● Task to carry out: Output only the lines below from the one containing "三位中国男选手同进四强 杭州成都迎来本土冠军？" to the one containing "Demokratik Suriye için", exactly as written, both ends kept.

● Material provided:
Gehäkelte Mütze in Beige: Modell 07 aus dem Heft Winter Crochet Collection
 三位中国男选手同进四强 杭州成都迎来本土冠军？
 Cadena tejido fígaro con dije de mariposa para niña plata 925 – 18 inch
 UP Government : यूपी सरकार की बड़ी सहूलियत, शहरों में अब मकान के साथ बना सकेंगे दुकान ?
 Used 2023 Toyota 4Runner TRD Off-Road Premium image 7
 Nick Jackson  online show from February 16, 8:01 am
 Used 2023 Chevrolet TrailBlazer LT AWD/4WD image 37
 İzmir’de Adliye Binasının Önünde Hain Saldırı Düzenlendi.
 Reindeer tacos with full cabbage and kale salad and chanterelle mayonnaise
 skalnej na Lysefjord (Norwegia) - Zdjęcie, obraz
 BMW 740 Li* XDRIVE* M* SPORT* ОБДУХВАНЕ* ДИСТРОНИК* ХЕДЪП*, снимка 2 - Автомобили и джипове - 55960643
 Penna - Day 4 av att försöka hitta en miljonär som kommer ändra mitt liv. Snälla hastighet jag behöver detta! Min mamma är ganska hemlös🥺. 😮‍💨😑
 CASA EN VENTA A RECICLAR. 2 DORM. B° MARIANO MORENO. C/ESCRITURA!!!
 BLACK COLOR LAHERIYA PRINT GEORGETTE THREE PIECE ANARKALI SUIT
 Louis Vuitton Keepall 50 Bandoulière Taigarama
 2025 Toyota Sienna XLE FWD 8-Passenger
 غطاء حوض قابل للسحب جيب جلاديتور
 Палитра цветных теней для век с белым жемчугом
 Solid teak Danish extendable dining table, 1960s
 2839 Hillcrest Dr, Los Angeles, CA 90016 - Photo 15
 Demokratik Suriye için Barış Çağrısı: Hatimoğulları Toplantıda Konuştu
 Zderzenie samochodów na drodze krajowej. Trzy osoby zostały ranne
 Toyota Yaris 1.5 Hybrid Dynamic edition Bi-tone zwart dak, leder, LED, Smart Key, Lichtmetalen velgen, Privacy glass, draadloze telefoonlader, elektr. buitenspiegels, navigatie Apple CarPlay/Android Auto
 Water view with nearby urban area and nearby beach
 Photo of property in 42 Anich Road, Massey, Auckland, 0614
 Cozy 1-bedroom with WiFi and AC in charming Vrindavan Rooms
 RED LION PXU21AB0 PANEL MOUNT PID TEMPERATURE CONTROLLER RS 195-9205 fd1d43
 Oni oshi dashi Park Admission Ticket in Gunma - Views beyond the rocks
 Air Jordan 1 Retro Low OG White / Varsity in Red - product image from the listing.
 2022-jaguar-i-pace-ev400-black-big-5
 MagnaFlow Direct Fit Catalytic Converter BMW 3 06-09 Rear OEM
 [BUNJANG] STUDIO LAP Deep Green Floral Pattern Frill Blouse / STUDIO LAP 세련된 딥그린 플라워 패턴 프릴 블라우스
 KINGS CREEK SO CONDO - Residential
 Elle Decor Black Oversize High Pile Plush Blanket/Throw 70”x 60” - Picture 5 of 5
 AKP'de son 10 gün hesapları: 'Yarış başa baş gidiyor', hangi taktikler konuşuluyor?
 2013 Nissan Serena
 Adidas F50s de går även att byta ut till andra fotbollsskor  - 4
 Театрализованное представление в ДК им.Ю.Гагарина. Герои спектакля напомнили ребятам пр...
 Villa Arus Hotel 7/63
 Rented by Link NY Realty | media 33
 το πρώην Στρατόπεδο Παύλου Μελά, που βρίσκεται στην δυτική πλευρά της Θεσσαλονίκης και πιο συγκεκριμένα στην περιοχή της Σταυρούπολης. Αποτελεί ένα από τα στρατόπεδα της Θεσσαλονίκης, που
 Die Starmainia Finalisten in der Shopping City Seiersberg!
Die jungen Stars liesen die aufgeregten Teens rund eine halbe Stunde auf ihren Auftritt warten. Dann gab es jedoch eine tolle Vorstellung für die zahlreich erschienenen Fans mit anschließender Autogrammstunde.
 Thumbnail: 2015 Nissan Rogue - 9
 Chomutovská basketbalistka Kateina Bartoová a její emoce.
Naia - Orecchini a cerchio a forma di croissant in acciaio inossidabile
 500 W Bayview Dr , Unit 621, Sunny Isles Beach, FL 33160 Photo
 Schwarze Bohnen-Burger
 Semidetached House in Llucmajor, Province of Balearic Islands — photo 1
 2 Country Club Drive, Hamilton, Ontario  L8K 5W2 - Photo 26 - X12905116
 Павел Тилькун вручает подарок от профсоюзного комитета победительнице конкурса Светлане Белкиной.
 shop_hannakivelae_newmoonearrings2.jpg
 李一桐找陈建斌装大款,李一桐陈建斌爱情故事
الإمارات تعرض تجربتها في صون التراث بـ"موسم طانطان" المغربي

● Task response:
 三位中国男选手同进四强 杭州成都迎来本土冠军？
 Cadena tejido fígaro con dije de mariposa para niña plata 925 – 18 inch
 UP Government : यूपी सरकार की बड़ी सहूलियत, शहरों में अब मकान के साथ बना सकेंगे दुकान ?
 Used 2023 Toyota 4Runner TRD Off-Road Premium image 7
 Nick Jackson  online show from February 16, 8:01 am
 Used 2023 Chevrolet TrailBlazer LT AWD/4WD image 37
 İzmir’de Adliye Binasının Önünde Hain Saldırı Düzenlendi.
 Reindeer tacos with full cabbage and kale salad and chanterelle mayonnaise
 skalnej na Lysefjord (Norwegia) - Zdjęcie, obraz
 BMW 740 Li* XDRIVE* M* SPORT* ОБДУХВАНЕ* ДИСТРОНИК* ХЕДЪП*, снимка 2 - Автомобили и джипове - 55960643
 Penna - Day 4 av att försöka hitta en miljonär som kommer ändra mitt liv. Snälla hastighet jag behöver detta! Min mamma är ganska hemlös🥺. 😮‍💨😑
 CASA EN VENTA A RECICLAR. 2 DORM. B° MARIANO MORENO. C/ESCRITURA!!!
 BLACK COLOR LAHERIYA PRINT GEORGETTE THREE PIECE ANARKALI SUIT
 Louis Vuitton Keepall 50 Bandoulière Taigarama
 2025 Toyota Sienna XLE FWD 8-Passenger
 غطاء حوض قابل للسحب جيب جلاديتور
 Палитра цветных теней для век с белым жемчугом
 Solid teak Danish extendable dining table, 1960s
 2839 Hillcrest Dr, Los Angeles, CA 90016 - Photo 15
 Demokratik Suriye için Barış Çağrısı: Hatimoğulları Toplantıda Konuştu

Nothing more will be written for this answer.